Se proseguirà a sostenere la propria affilliazione anche allora, se ne potra riparlare e a quel punto si, più o meno concorderò con quanto qua detto.
Ok, l’Islam è quello che è, così come le altre religioni. Ma i ‘fedelii’ sono tutta un’altra cosa. Si va dal gay che si vuole sposare in chiesa ai catto-sovranisti che ‘vivono nel peccato’ fino a quelli che oltre a fare tutti i sacramenti, dal battesimo al matrimonio, prima dell’estrema unzione non fanno altro che bestemmiare e andare a zoccole. Vale per i cattolici e vale, con sfumature differenti, pure per le altre religioni, vedi Teheran e Kabul negli anni 70. ‘aderire’ a una religione non vuol dire nulla se te l’insegnano da bambino, sarebbe come dire aderire alla lingua italiana. Per quel che concerne Silvia c’è davvero poco da fare ipotesi. 18 mesi imprigionata, da degli invasati totali, lungo i quali la sola concessione è la lettura de Corano. Senza la minima prospettiva temporale. Una situazione che poche persone riuscirebbero ad affrontare anche solo con un grumo di razionalità. Quindi sì, ‘sticazzi’ è di rigore in un caso come questo.

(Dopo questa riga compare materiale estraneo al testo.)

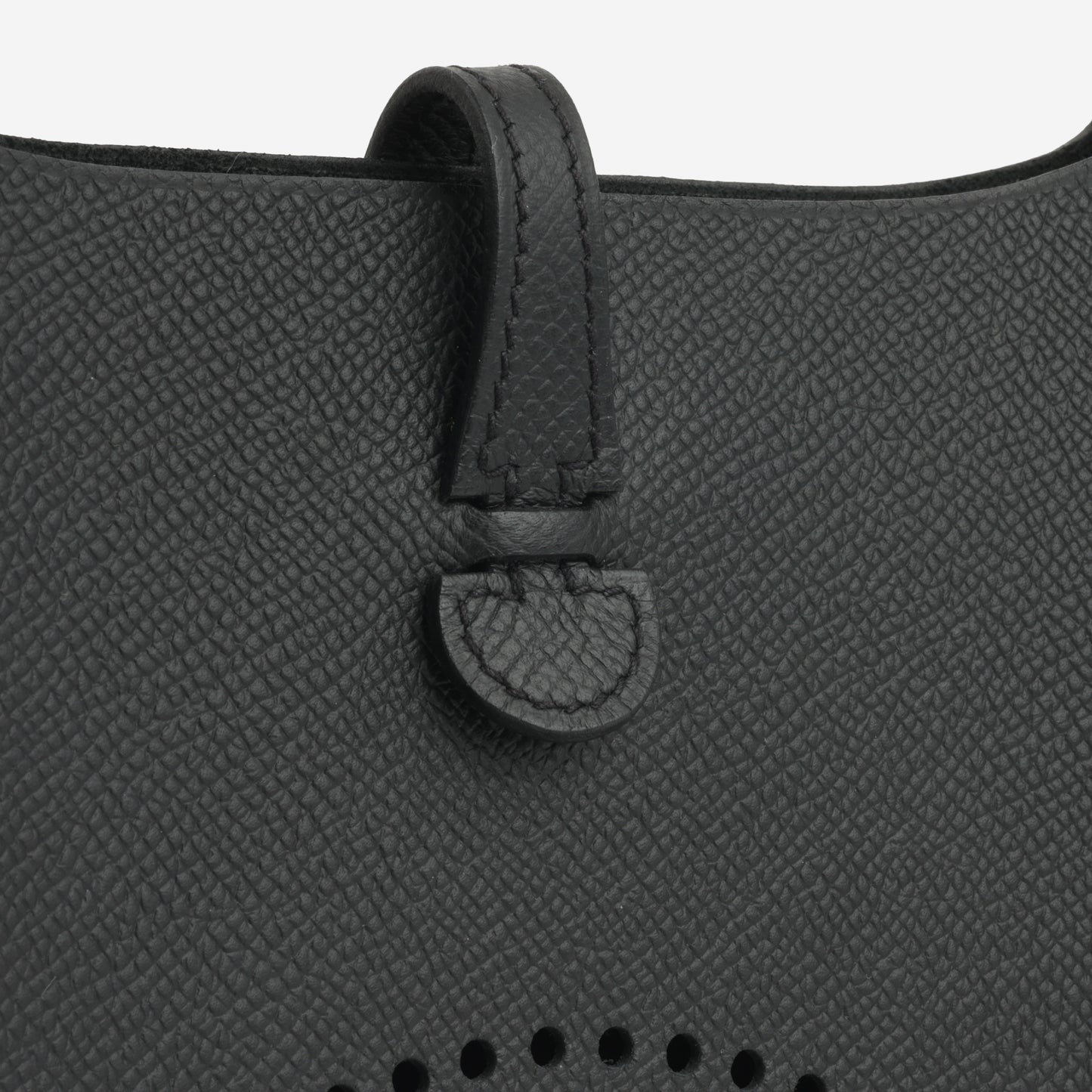 Hermès Evelyne TPM - Noir Epsom | Gold Hardware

«’Sticazzi» è di rigore se parti dal presupposto che la sua conversione non sia stata libera e spontanea. Se invece si prende per buono quel che lei dice di sé stessa, allora diventa legittima la domanda «Ma chi te lo fa fare di convertirti a una religione in cui sei considerata un essere inferiore?». È la stessa domanda che va posta a qualsiasi musulmana convertita senza costrizione.
Grazie per le riflessioni.
Per quel poco che ho vissuto in paesi dove le persone neanche si preoccupano di fingere rispetto per le donne, ho maturato la convinzione che se fossi donna in quei paesi, non a maggioranza islamica, per essere meno molestato/a indosserei il velo, anche abbastanza coprente, per dimostrare appartenenza a un qualcosa che garantisca una maggiore protezione.
In paesi dove sia imposto il problema non si porrebbe.
Anime belle osserverebbero: non ci piega….
Accetto questa osservazione solo da soggetti che abbiano raggiunto i 12 anni, con fenotipo femminile, in quei paesi.